> **COLLECTED DATA**
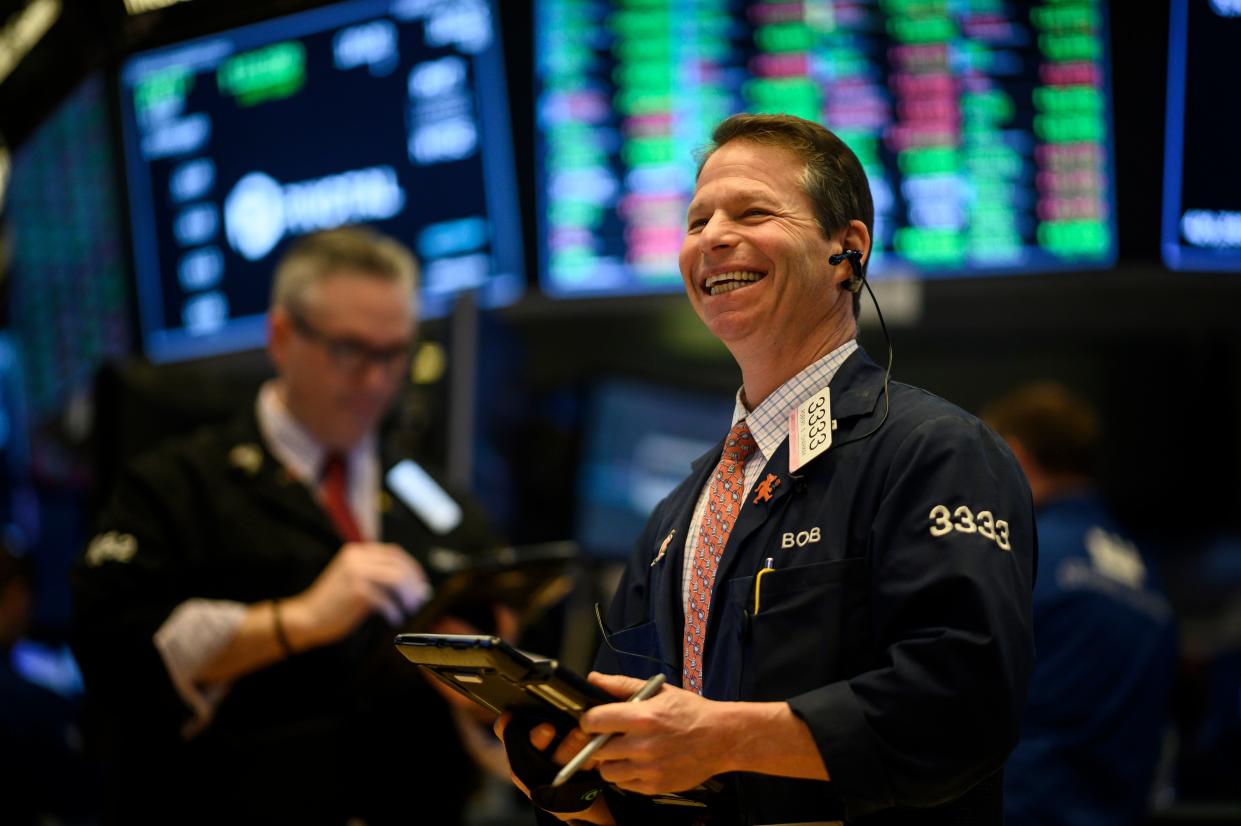 A trader laughs ahead of the closing bell on the floor of the New York Stock Exchange (NYSE) in New York City. Photo: Johannes Eisele/AFP/Getty Images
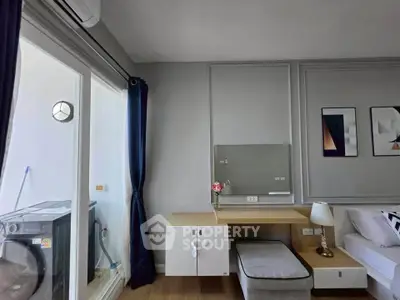 Modern living room with stylish decor and balcony access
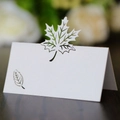 Detail showing laser-cut maple leaf place card with pearlescent finish on wood surface - White
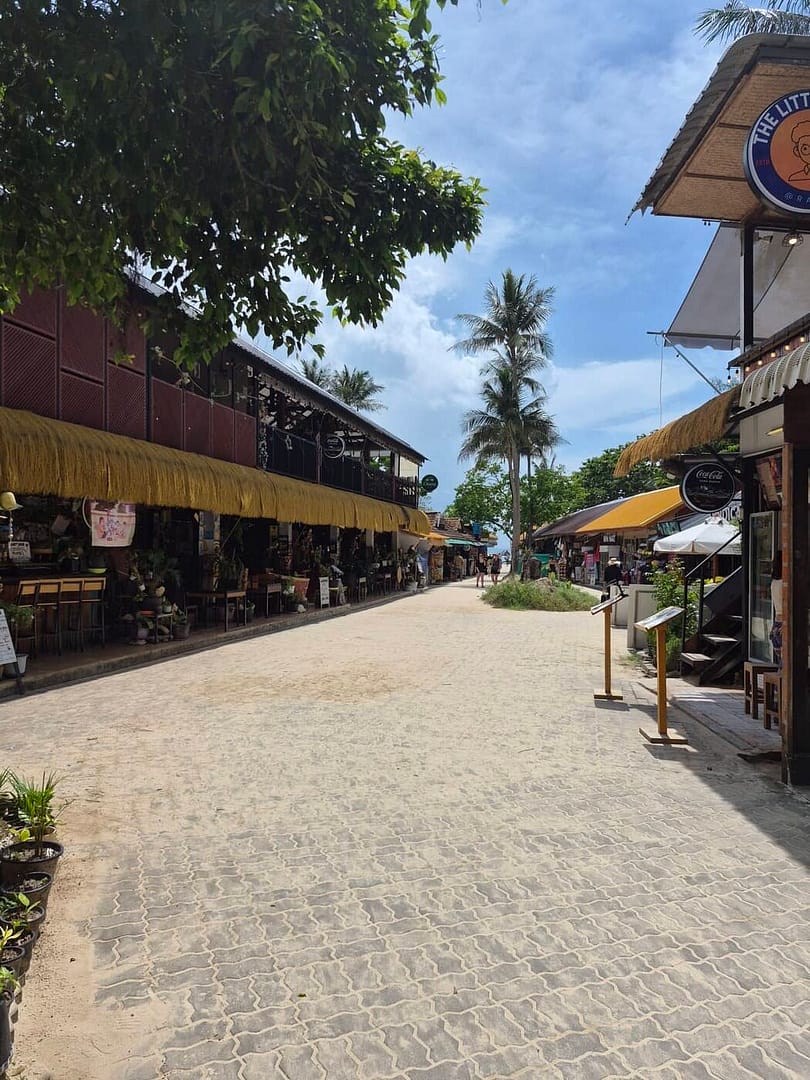 La calle Railay Walking Street en Krabi, Tailandia, está llena de restaurantes, tiendas y palmeras tropicales.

> **ABOUT THIS TASK**
With the pictures omitted, copy exactly the lines of the listing above starting at the line containing "Modern living room" and ending at the line containing "Detail showing laser-cut", both included.

> **RESULT FOR THIS EXERCISE**
 Modern living room with stylish decor and balcony access
 Detail showing laser-cut maple leaf place card with pearlescent finish on wood surface - White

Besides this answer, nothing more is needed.